What to expect for interest rate hikes in South Africa
The South African Reserve Bank looks set to keep borrowing costs on hold to assess the inflationary impact of the US-Israeli war on Iran, which has sent oil prices surging and pummeled the rand.
All 15 economists surveyed by Bloomberg expect Governor Lesetja Kganyago and his colleagues to leave the benchmark interest rate at 6.75% when their decision is announced shortly after 15:00 in the capital, Pretoria, on Thursday. Economists in a separate survey by Bloomberg expect policymakers to be undivided on the decision.
Traders are broadly aligned. Forward-rate agreements are pricing in a 24% chance of a quarter-point rate increase on Thursday.
Contracts starting after the November MPC meeting — the last of the year — are fully pricing in three 25-basis-point increases.
That marks a change from the last MPC meeting in January, when economists were forecasting multiple rate cuts this year.
It also mirrors a shift in investor expectations on monetary policy globally, with the Iran conflict slashing hopes for rate cuts by the Federal Reserve and the European Central Bank.

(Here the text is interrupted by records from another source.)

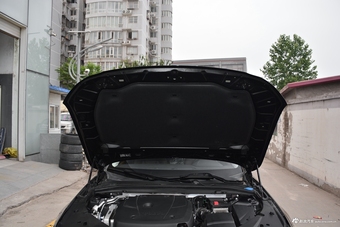2019款沃尔沃S90 T5 智逸版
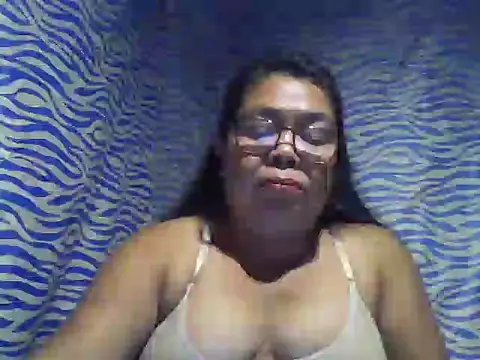 Snapshot of cris_tita chatting on 06/27/26, 12:55 cris tita online show from 06/27/26, 12:55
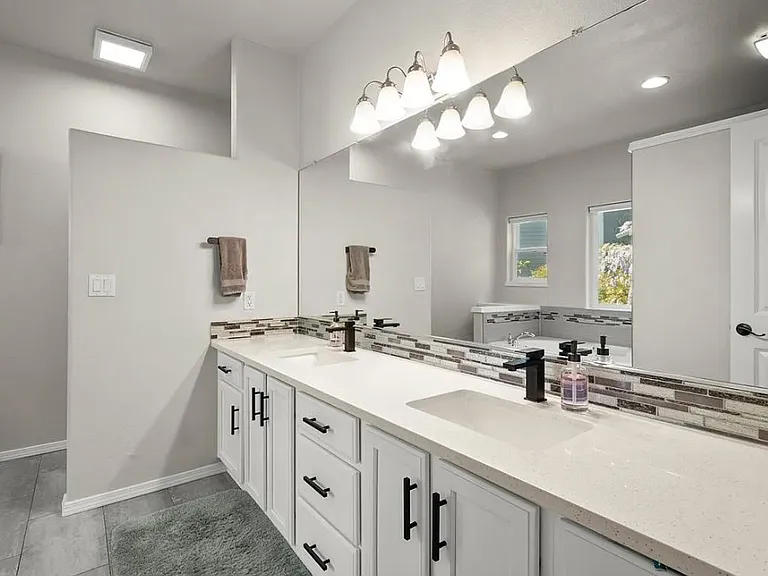 15812 NE 18th Ct — Photo 5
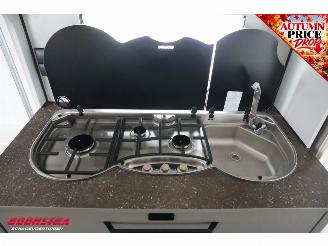 Burstner  Averso 535 TL B66 Single Beds LMV Middenkeuken picture 18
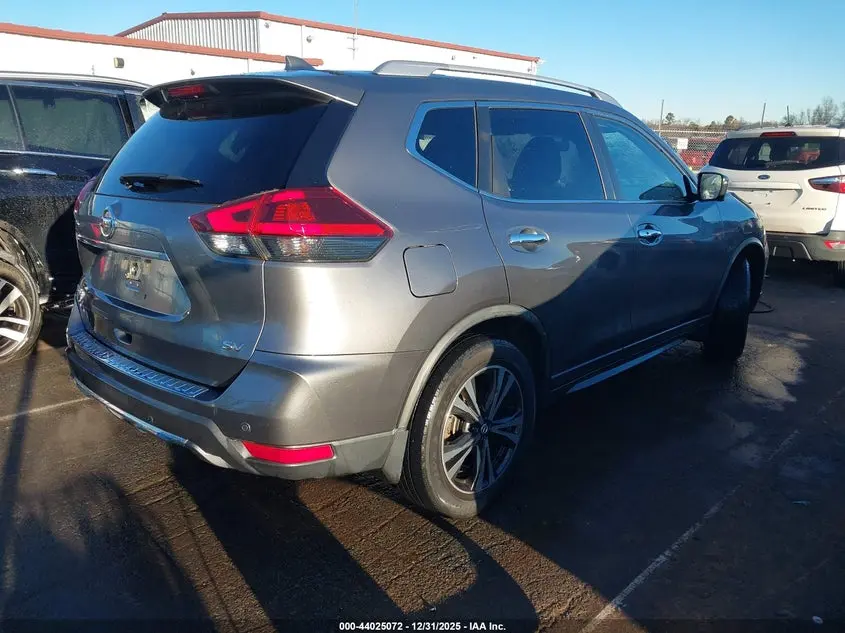 2019 NISSAN ROGUE SV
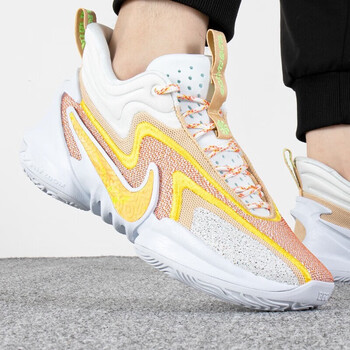 耐克（NIKE）篮球鞋男鞋秋季新款Cosmic Unity全掌型气垫实战轻便运动鞋DH1536 DH1536-101 42.5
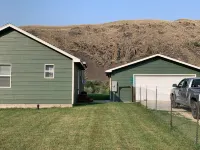 Salmon Riverfront HomeSalmon, Challis & Gold Bug.  Fishing from Back Yard. - 3-Star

Kganyago in January cited geopolitical uncertainty among the reasons for holding rates steady, with subsequent events validating the caution of South African policymakers anxious to defend the 3% inflation target that they adopted last year.
“We expect a hawkish hold, leaning into any scenarios that might prompt a pivot toward rate hikes,” said BNP Paribas economist Jeffrey Schultz, who sees a unanimous decision by the five-member monetary policy committee.
“Our base case — for now — is for a prolonged pause in the policy rate through 2026,” he said.
Oil prices have risen almost 40% since the US and Israel attacked Iran on Feb. 28, while the rand has retreated about 6% against the dollar, making it the worst performer among major currencies since the start of the conflict.
South Africa is heavily reliant on oil imports and the war has also lifted fertilizer costs, which may spill over into food inflation.
“Financial markets, which initially expected quite a short war, are now starting to factor in the possibility that it actually could be longer,” said Annabel Bishop, chief economist at Investec, who expects a hold.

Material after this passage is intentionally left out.